▶ Supplied records
|---|

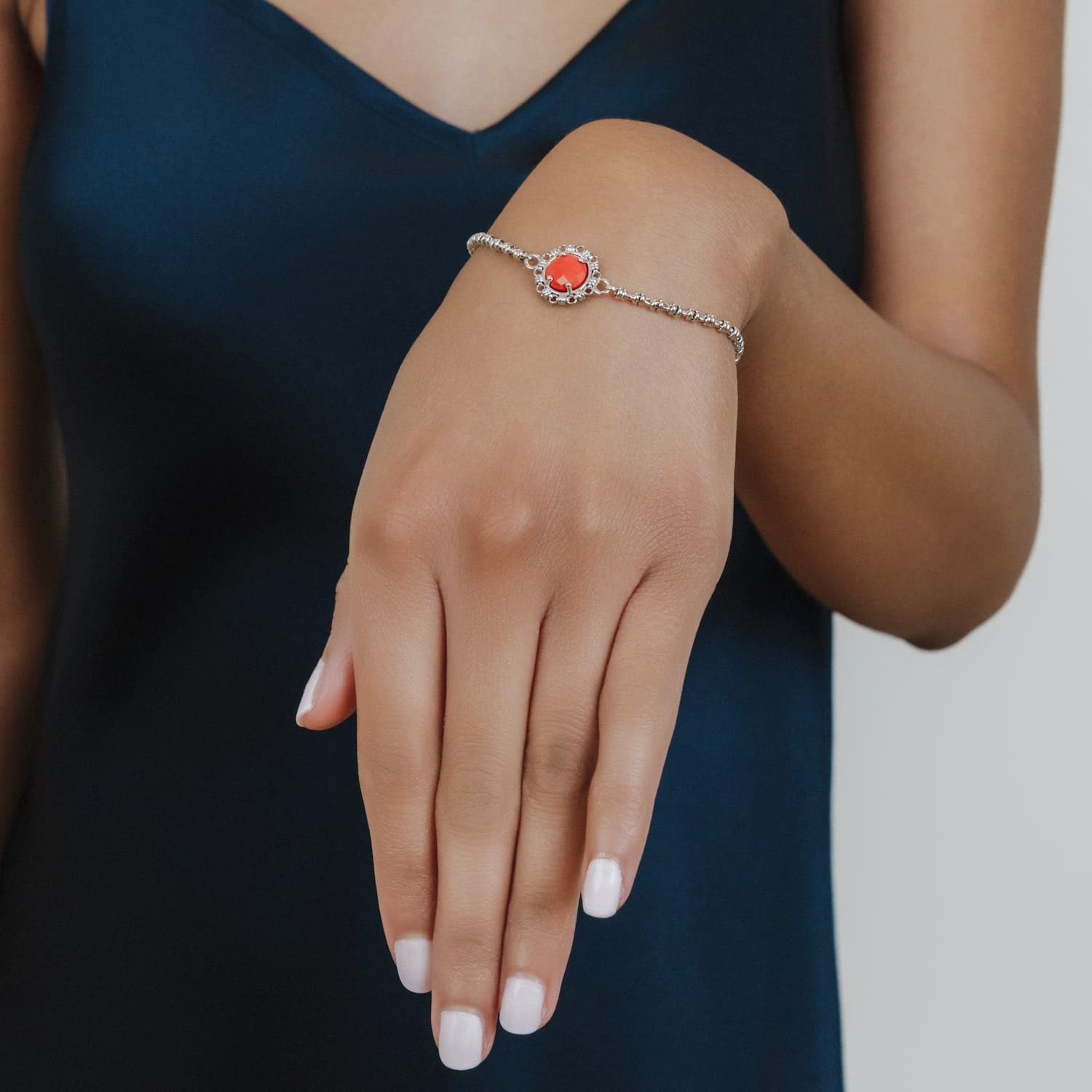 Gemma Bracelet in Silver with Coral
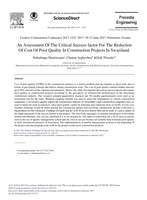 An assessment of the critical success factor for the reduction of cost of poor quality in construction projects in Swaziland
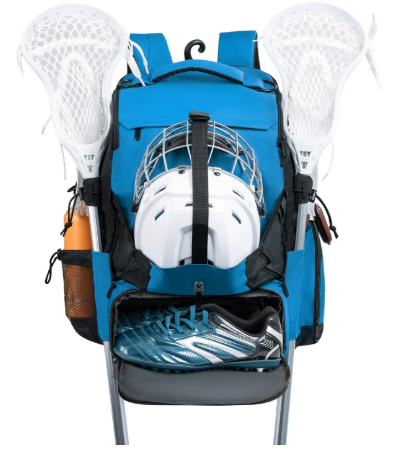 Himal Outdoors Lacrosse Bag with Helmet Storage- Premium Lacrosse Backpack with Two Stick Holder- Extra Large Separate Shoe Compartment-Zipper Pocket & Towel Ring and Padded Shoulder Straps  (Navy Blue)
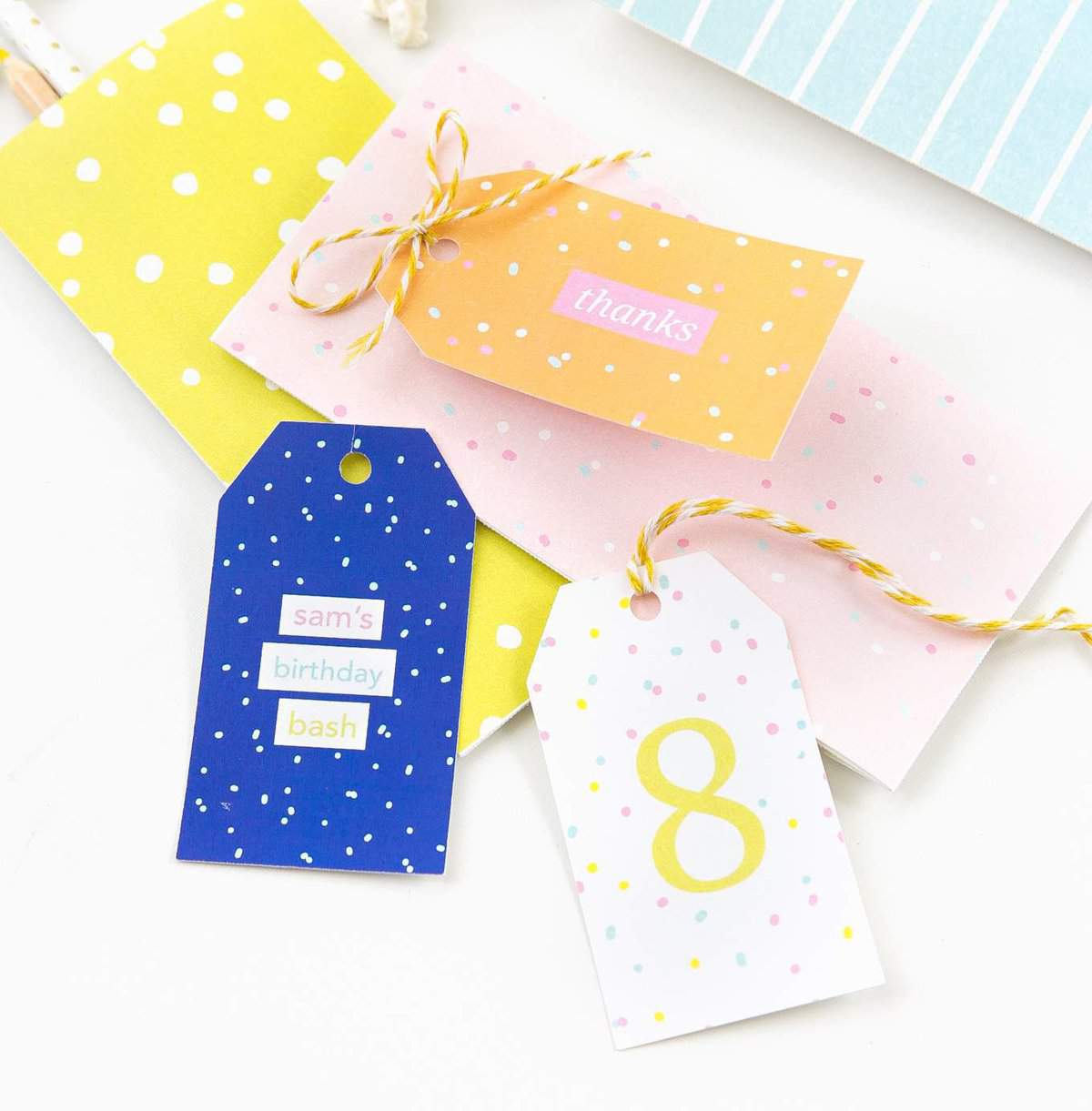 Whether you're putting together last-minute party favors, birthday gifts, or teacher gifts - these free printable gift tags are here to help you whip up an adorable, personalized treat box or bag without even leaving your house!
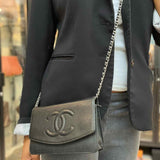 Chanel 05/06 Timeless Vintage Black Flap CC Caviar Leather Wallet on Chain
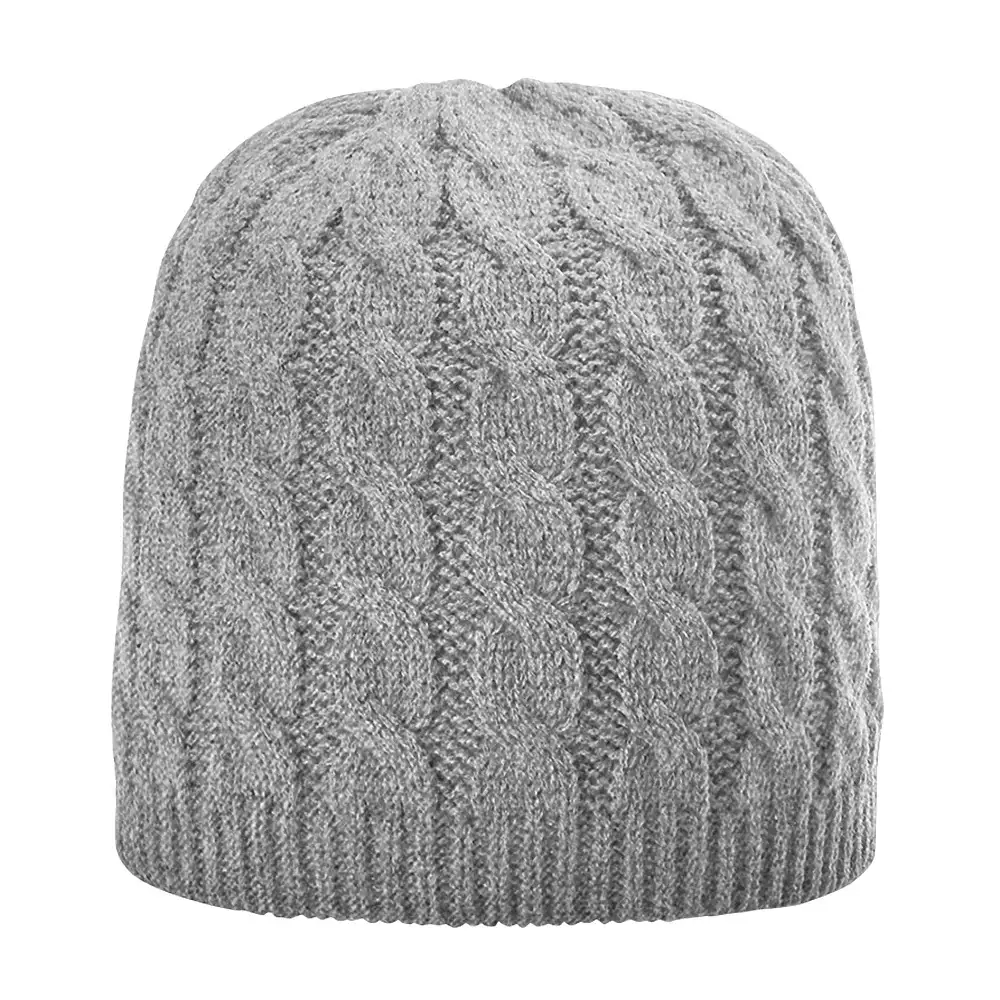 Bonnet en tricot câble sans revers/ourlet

|---|

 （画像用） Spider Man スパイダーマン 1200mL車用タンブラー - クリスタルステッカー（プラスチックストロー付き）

|---|

▶ Task statement
What are the lines above from the one with "Chanel 05/06 Timeless" to the one with "Bonnet en tricot câble sans revers/ourlet", both included? Reproduce them exactly, without pictures.

▶ Task output
 Chanel 05/06 Timeless Vintage Black Flap CC Caviar Leather Wallet on Chain
 Bonnet en tricot câble sans revers/ourlet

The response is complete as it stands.